**WHAT IS NEEDED:** The records should be repeated word for word, pictures excluded.
BEGIN SOURCE DATA
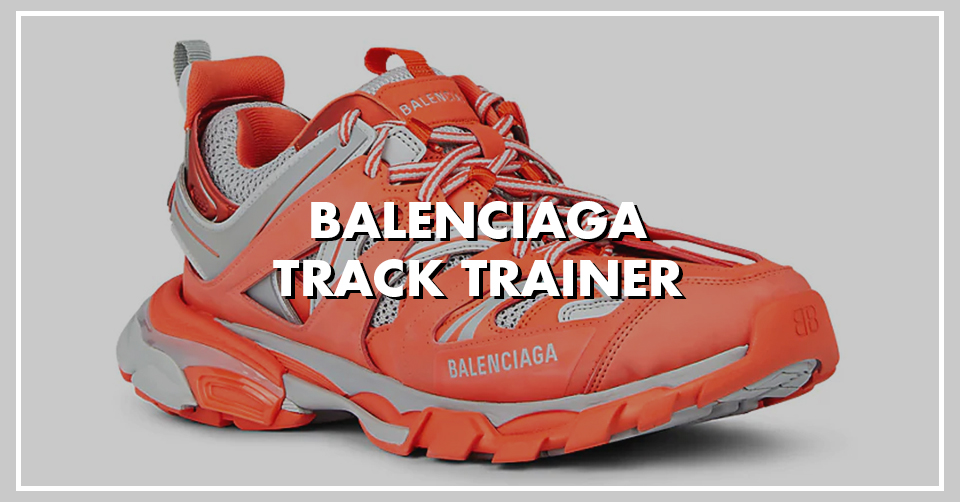 Balenciaga released een nieuwe colorway van de Track Trainer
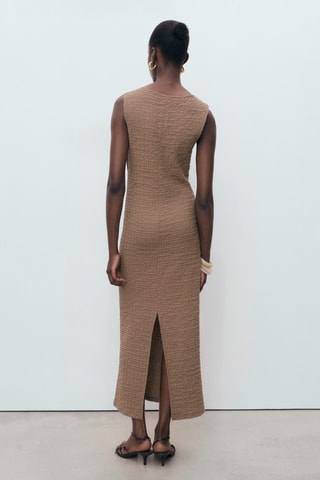 Robe cintrée texturée - Beige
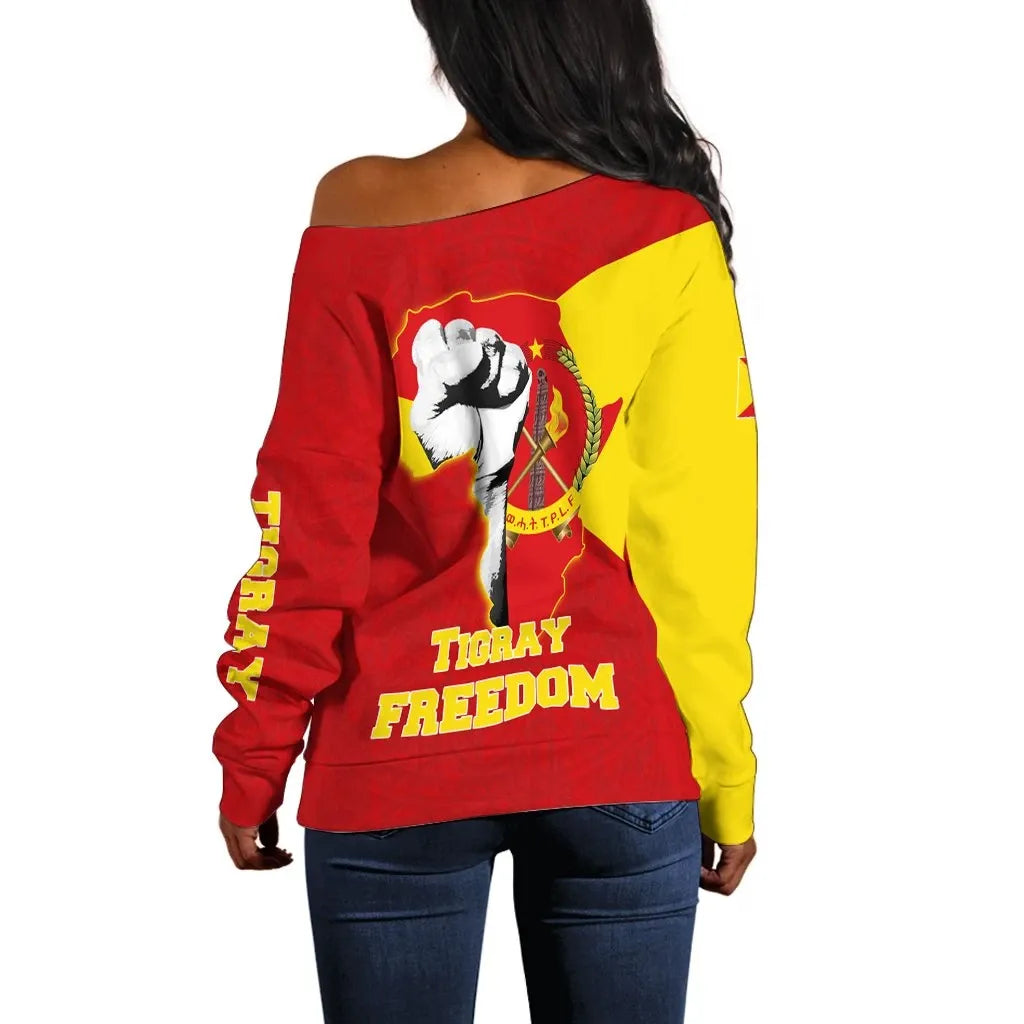 Tigray Off Shoulder Sweater Tigray Women Freedom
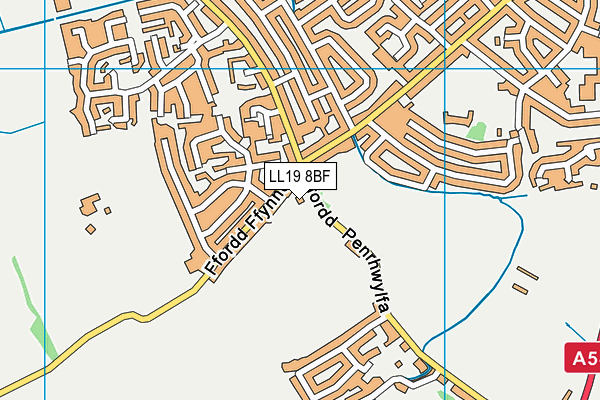 LL19 8BF map - OS VectorMap District (Ordnance Survey) LL19 8BF map - OS VectorMap District (Ordnance Survey)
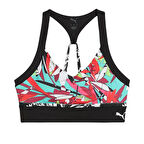 Tropical Aop Hw 5" Kadın Siyah Antrenman Şortu 52678751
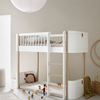 Oliver Furniture Mini+ cot bed incl. junior kit to low loft bed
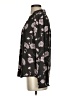 Maurices 100% Polyester Floral Black Long Sleeve Blouse Size XS - photo 5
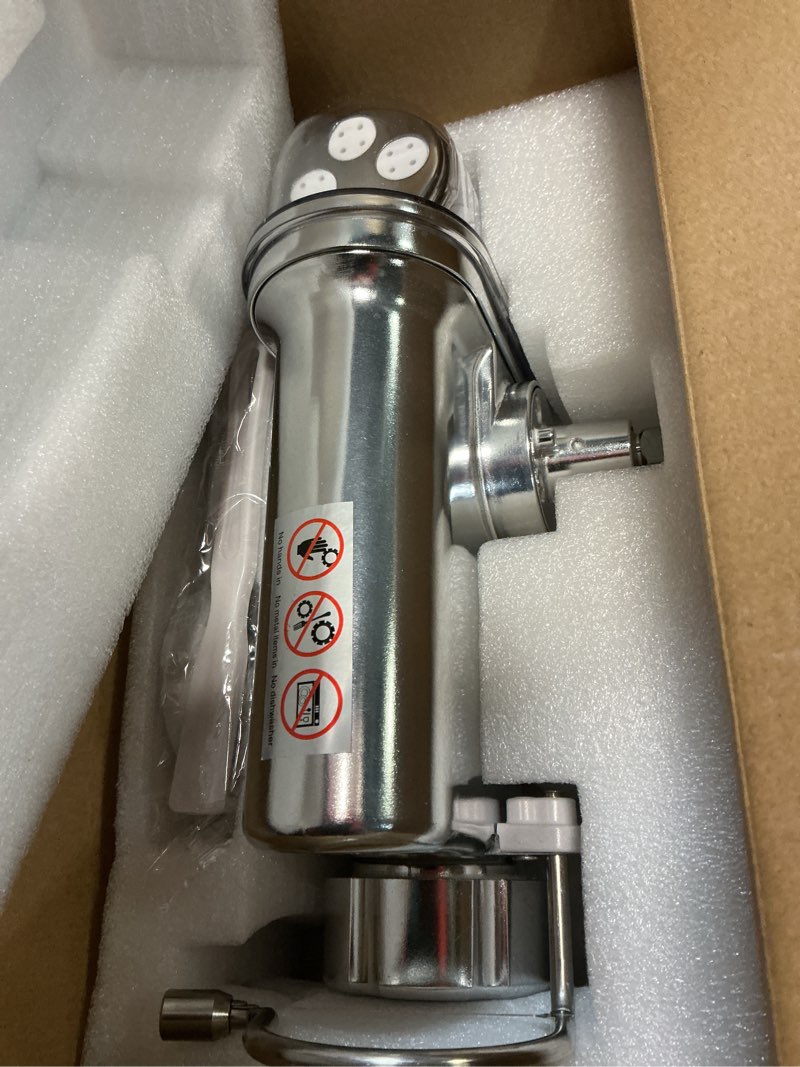 Condition photo showing Good Condition for metal gourmet pasta press attachment for kitchenaid stand mixer, pasta maker attachment with 5 interchangeable plates, spaghetti bucatini fusilli large/small macaroni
END SOURCE DATA
**ANSWER FOR THIS EXERCISE:**
 Balenciaga released een nieuwe colorway van de Track Trainer
 Robe cintrée texturée - Beige
 Tigray Off Shoulder Sweater Tigray Women Freedom
 LL19 8BF map - OS VectorMap District (Ordnance Survey) LL19 8BF map - OS VectorMap District (Ordnance Survey)
 Tropical Aop Hw 5" Kadın Siyah Antrenman Şortu 52678751
 Oliver Furniture Mini+ cot bed incl. junior kit to low loft bed
 Maurices 100% Polyester Floral Black Long Sleeve Blouse Size XS - photo 5
 Condition photo showing Good Condition for metal gourmet pasta press attachment for kitchenaid stand mixer, pasta maker attachment with 5 interchangeable plates, spaghetti bucatini fusilli large/small macaroni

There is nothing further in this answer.